Con Alessandro avevamo già lavorato, ma qui ci siamo “donati”, come dite voi, vero. Grazie innanzitutto a Roberto, che ci ha permesso di arrivare a quel punto di generosità tale che ci consentisse uno scambio autentico. Con Alessandro prima di questo film, diciamo, c’eravamo solo sfiorati, e invece qui- ed io per questo lo ringrazierò sempre- siamo potuti proprio arrivare ad un livello di intimità che ha sorpreso anche me. Tra l’altro, Roberto non ci ha fatti frequentare prima di inziare il film e, quindi, l’arrivo di Alessandro e del suo personaggio sul set è stato proprio uno tsunami. Lui è stato non solo bravissimo, ma anche generosissimo.

Quanto conta la mano del regista?

Per me è tutto. Diciamo che tutto ha senso soltanto se c’è quella mano che ti conduce, il regista che decide di lasciarti fare delle cose. E quando questa concessione avviene, vuol dire che sto aderendo al personaggio così come lo immaginava lui, avendo a disposizione così tante informazioni da poterlo fare con naturalezza. Questa mano del regista è fondamentale.

Claudia, come reputi il lavoro fatto con Roberto?

Sono una persona molto empatica, questo non vuol dire che tutti i registi chiedano da me lo stesso tipo di interazione, e invece Roberto mi ha fatto sentire immediatamente parte integrante del progetto e io mi considero uno strumento nelle mani di un regista che decide come suonarmi e invece lui mi ha fatto sentire come se potessi essere a mio modo anch’io una direttrice d’orchestra.

In qualche modo mi ha assegnato la sessione ritmica, cioè ha deciso che il mio lavoro poteva essere non soltanto quello di interpretare, di fare l’attrice: mi ha dato la possibilità di intervenire anche umanamente nel rapporto con i figli, di essere, in quanto attrice più grande dei ragazzi, a mia volta una piccola guida per loro ed era la prima volta che mi accadeva.

È stato molto molto interessante. Inoltre Roberto è stato chiaro da subito nel chiedermi di non operare per cliché, di approfondire tutto quello che era già stato fatto sull’argomento e ci ha tenuto moltissimo che io e gli altri vivessimo sulla nostra pelle il racconto delle testimonianze dirette. Abbiamo fatto un lavoro d’osservazione che era importantissimo e non era scontato, l’ascolto tra me e Roberto non era scontato, è stato davvero approfondito e poi molto utile al risultato.

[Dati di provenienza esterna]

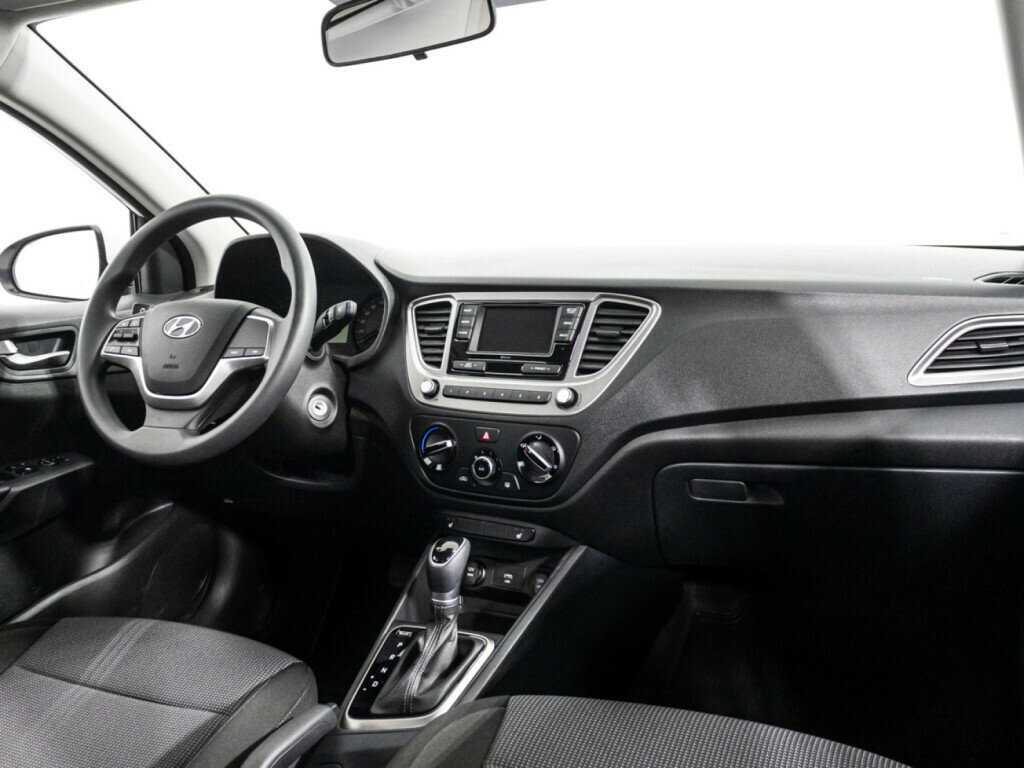 Купить Hyundai Solaris с пробегом. Фото: #8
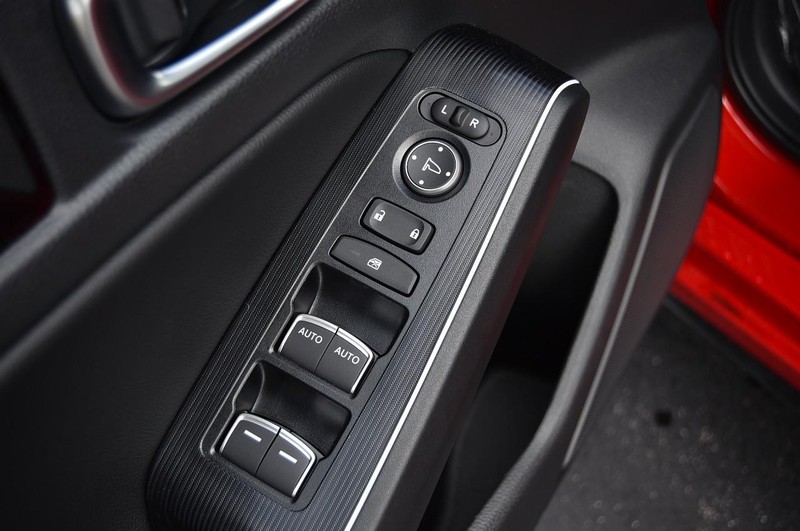 Honda Civic Hatchback Hybrid Vehicle Image 08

Cosa hai provato quando ti sei rivista?

Vivo un distacco da questo lavoro che fa sì che io riesca ad un certo punto ad essere una spettatrice nuda e cruda e in questo film ho visto una donna forte e mi sono fatta tanta tenerezza. Ho rivisto il lavoro di tutti. Diciamo, non riesco proprio a mettere a fuoco, così egoisticamente soltanto il mio lavoro: riesco a vedere un lavoro d’insieme e, quindi, mi sono rivista all’interno di un racconto e tutto funzionava. Ero commossa e anche molto grata a Roberto e ai miei colleghi.

Ero orgogliosa di quello che avevamo fatto e diciamo che mi sono rivista più che altro nelle parole delle persone che hanno commentato il mio lavoro e soprattutto le persone direttamente coinvolte in quelle storie lì e insomma il loro giudizio è quello che ha dato senso a tutto.

Consideri questo film qualcosa di diverso nella tua carriera?

A suo modo sì, perché ogni film ha un approccio diverso, una storia diversa, un livello di comunicazione interno differente. Però poi alla fine servono sempre tutti a raccontare l’umanità delle persone, poi c’è qualche film che lo fa meglio, qualche film che lo fa peggio. Però insomma, ecco, credo che poi lo scopo non è diverso dagli altri, lo è sicuramente stata l’esperienza: è stata bellissima, se posso riassumerlo con una parola banale, questo film per me è stato ‘bellissimo’. È stato bellissimo farlo ed è stato bellissimo il lavoro che Roberto mi ha permesso di fare.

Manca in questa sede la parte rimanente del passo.